The EMSA experiments revealed that OsAREB1 and OSBZ8 can bind to the 3′ distal region of the RCN1 locus in vitro. To determine whether they can regulate RCN1 expression in vivo, glucocorticoid-inducible transgenic lines carrying plasmid Gos2::OsAREB1 or Gos2::OSBZ8 in Nipponbare background were generated. The expression of OsAREB1 and OSBZ8 in the Gos2::OsAREB1 and Gos2::OSBZ8 transgenic plant leaves, respectively, was induced by a low concentration of dexamethasone (DEX) (Fig. 4a, b). As expected, the expression of RCN1 was upregulated with the increase in OsAREB1 and OSBZ8 expression (Fig. 4c, d). Taken together, these findings suggest that OsAREB1 and OSBZ8 function as transcriptional regulators that modulate the drought response of RCN1 via an ABA-dependent pathway.
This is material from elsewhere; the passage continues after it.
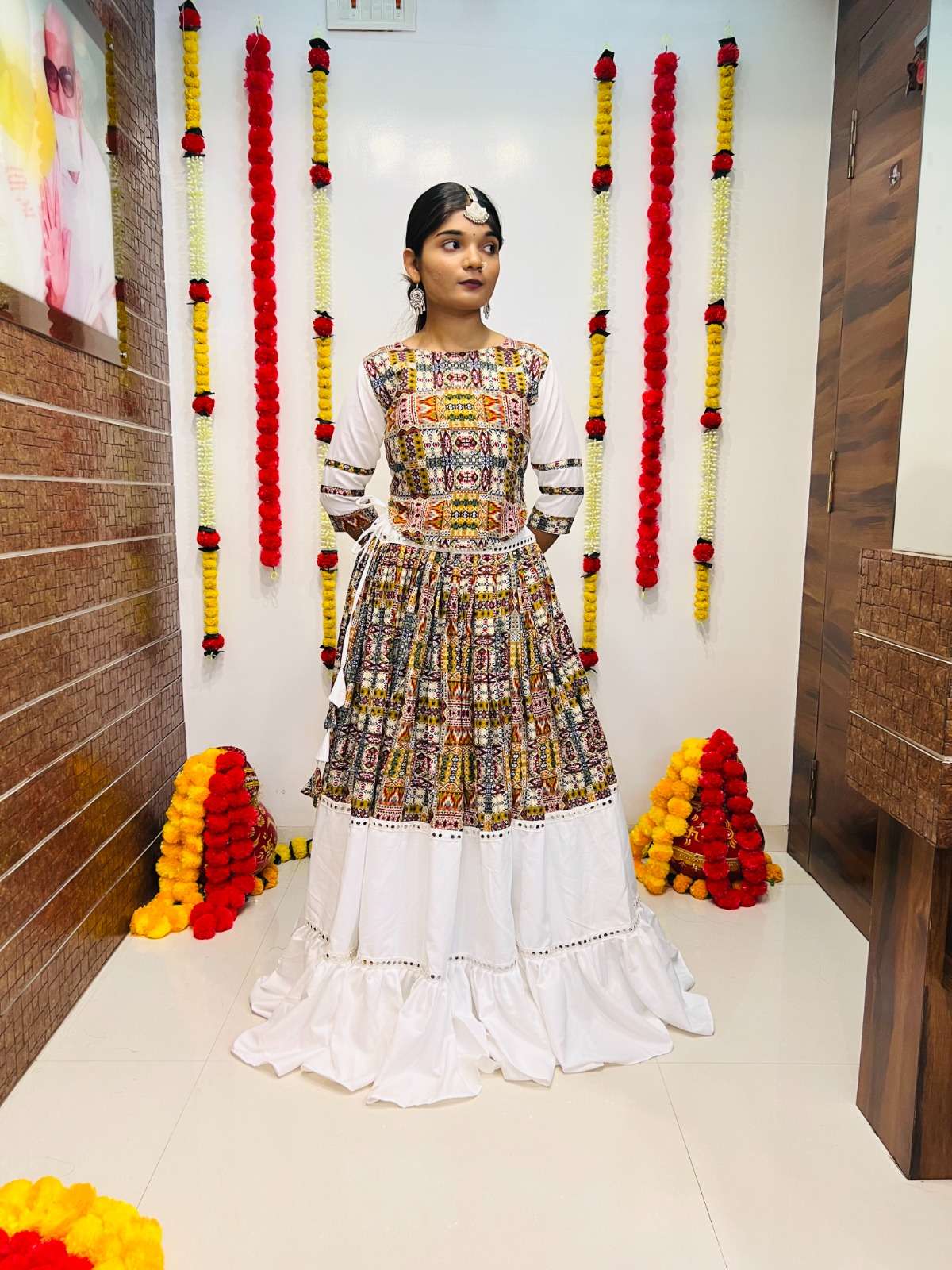 NAVRATRI AWY-7057 LEHENGA CHOLI Wholesale catalog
To further examine whether the 5′ proximal region of the RCN1 locus response to ABA, we treated pRCN1::RCN1-GFP:NOS and pRCN1::GUS:NOS transgenic plants with ABA, and detected the expression levels of GUS and GFP and the endogenous expression level of RCN1 (Fig. 5). The expression of GFP and GUS was not induced by ABA, whereas the endogenous expression of RCN1 was significantly induced (Fig. 4b, c). The results of the qRT-PCR indicated that the ABA response element was not located on the 5′ proximal region of RCN1, but may be the ABRE elements on 3' distal region of RCN1.